_DATA SHOWN_
BEGIN
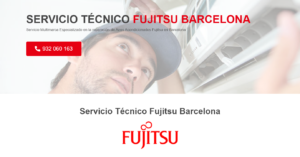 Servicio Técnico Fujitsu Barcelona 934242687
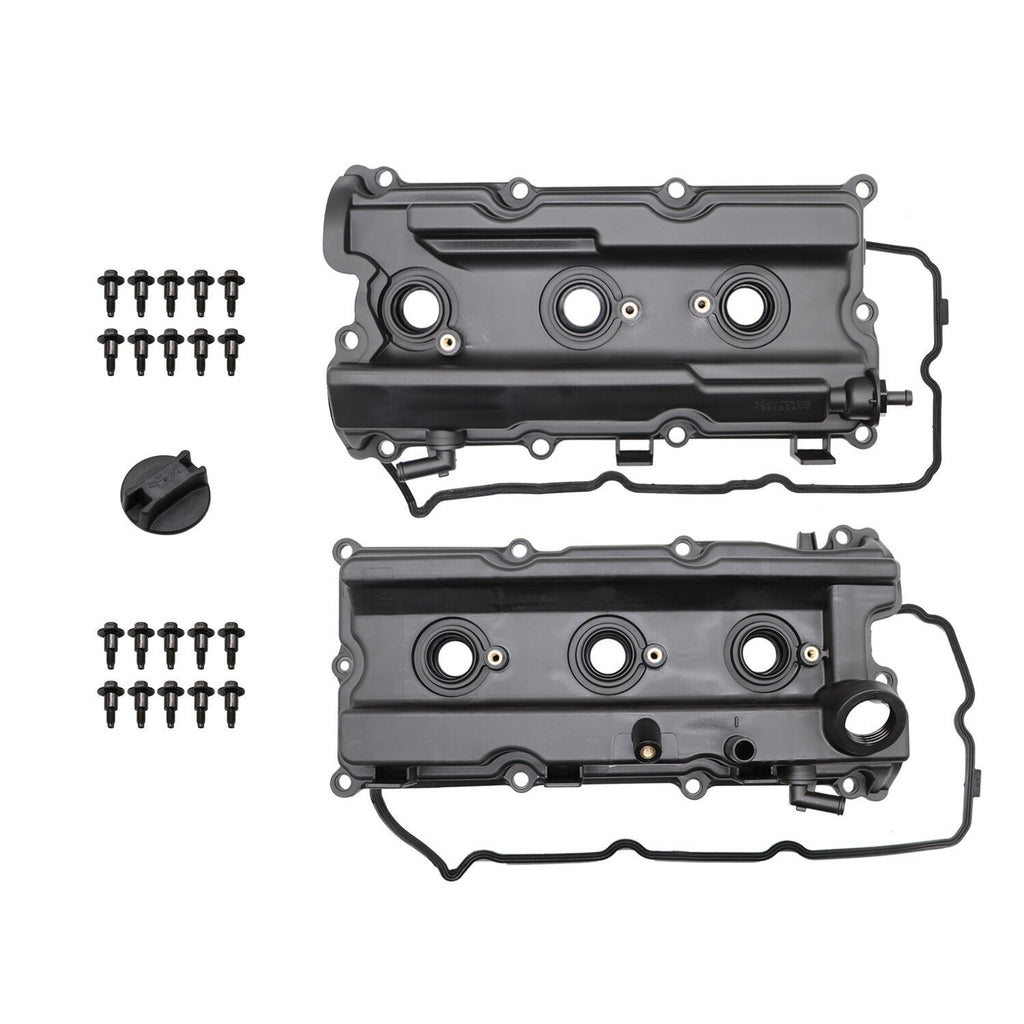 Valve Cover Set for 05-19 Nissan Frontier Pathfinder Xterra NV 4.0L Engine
END
BEGIN
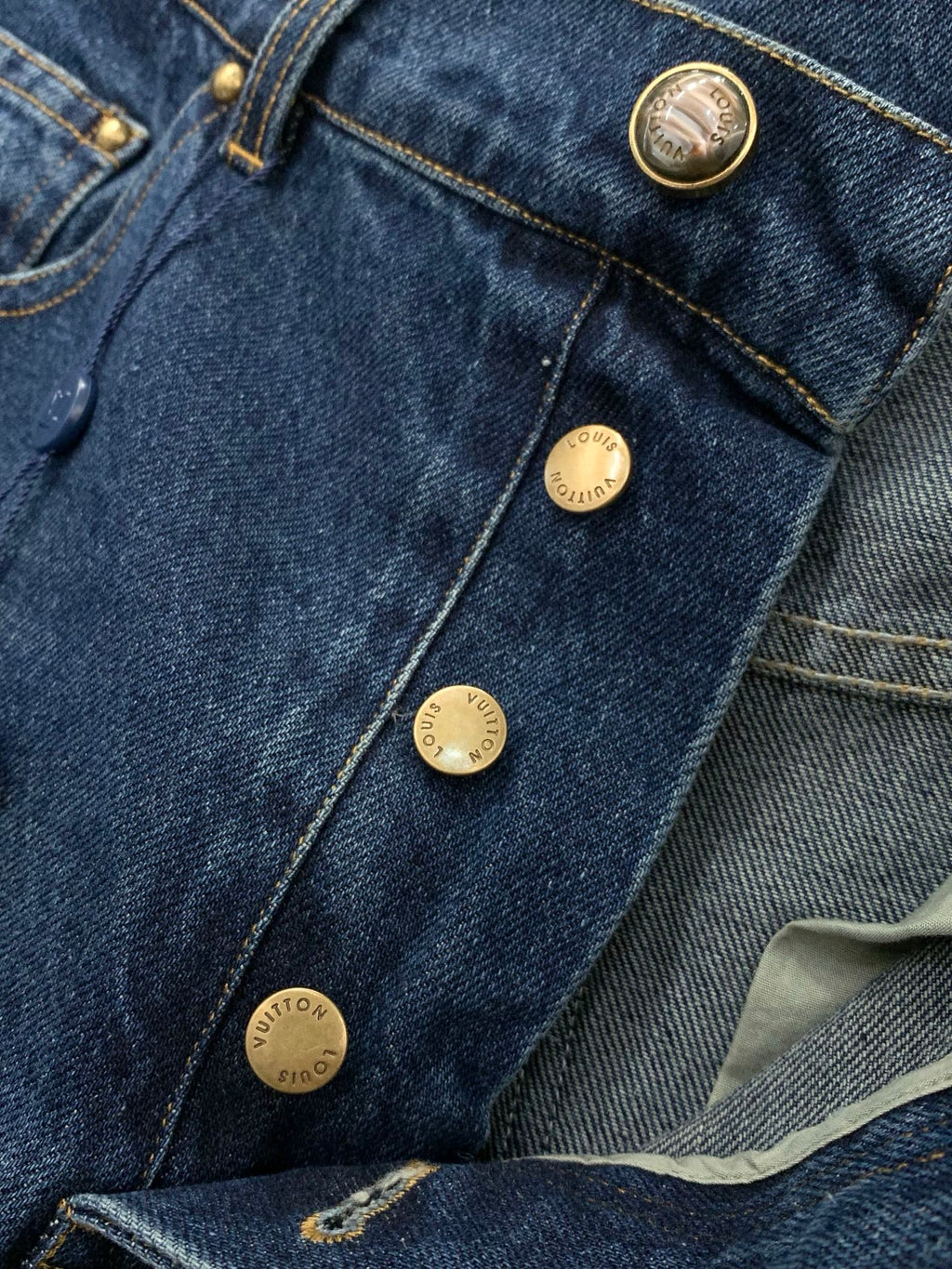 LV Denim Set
END
BEGIN
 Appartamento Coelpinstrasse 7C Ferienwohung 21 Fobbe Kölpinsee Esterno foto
END
_EXERCISE INSTRUCTIONS_
Those lines of the records above that run from the one containing "Servicio Técnico Fujitsu Barcelona 934242687" through the one containing "Valve Cover Set" should be returned exactly, with no pictures among them.

_TASK RESPONSE_
 Servicio Técnico Fujitsu Barcelona 934242687
 Valve Cover Set for 05-19 Nissan Frontier Pathfinder Xterra NV 4.0L Engine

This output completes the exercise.